Montague Summers
The Vampire: His Kith and Kin (1928)
Lo que más desconcierta de Montague Summers no es que escribiera sobre vampiros, brujas y demonios con la gravedad de un obispo del siglo XVII, sino que lo hiciera en pleno siglo XX, y con una convicción tan firme, tan inquebrantable, que cualquier intento posterior de leerlo como irónico, teatral o posmoderno resulta inútil. No fingía. No especulaba. Creía. Creía con la fuerza de quien ha encontrado en lo invisible una confirmación absoluta, y con el entusiasmo minucioso del archivero que no solo ordena documentos, sino que reza por ellos.
The Vampire: His Kith and Kin no es un ensayo académico ni una obra literaria, aunque tenga de ambos. Es un tratado, una especie de grimorio teológico-folclórico redactado con la seriedad de un sermón y la devoción de un creyente que, habiendo contemplado las ruinas del racionalismo, decide volver a las formas antiguas del terror como quien regresa al altar de la verdad. Summers no pretende desmitificar al vampiro, ni siquiera entenderlo en términos simbólicos: lo documenta para reafirmar su existencia. Lo sitúa en el centro de una red densa de testimonios históricos, creencias populares, tratados demonológicos, pasajes bíblicos y crónicas judiciales que, para él, no son pruebas circunstanciales, sino evidencia casi forense.

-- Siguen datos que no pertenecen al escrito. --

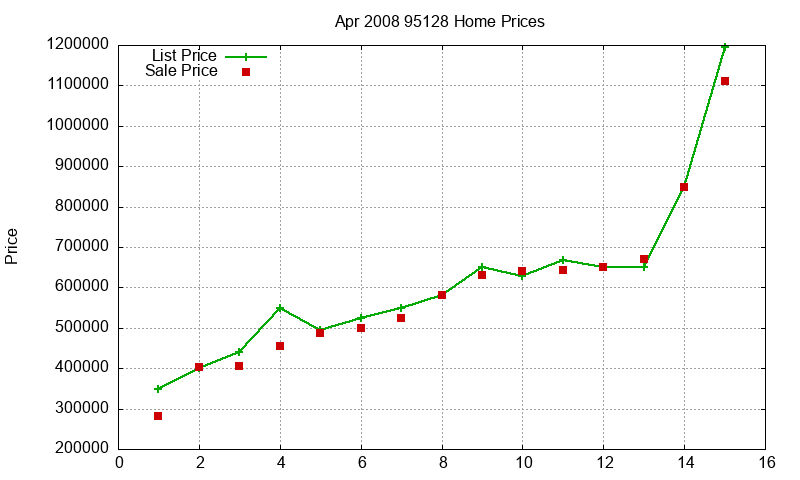 95128 Homes Just Sold 2008-04
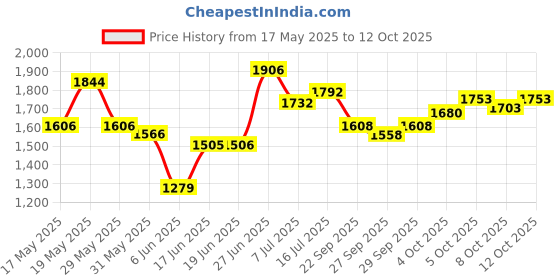 flipkart.com moto xspeed Heavy Quality Metal Crash guard With 4 Slider For TVS RAIDER moto xspeed Price History Graph from 17 May 2025 to 12 Oct 2025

Lo que emerge de esa fusión de fuentes es una figura que no necesita redención cultural ni análisis antropológico: el vampiro como criatura real, encarnada, maldita, activa aún. En manos de otro autor, la abundancia de citas, de referencias marginales y de anécdotas decimonónicas habría resultado caótica o pintoresca. En Summers, es liturgia. Cada documento está ahí para confirmar no solo que los vampiros existieron, sino que siguen existiendo. Que siguen caminando entre nosotros, disfrazados de pasado, esperando que alguien —un sacerdote, un juez, un lector adecuado— los reconozca.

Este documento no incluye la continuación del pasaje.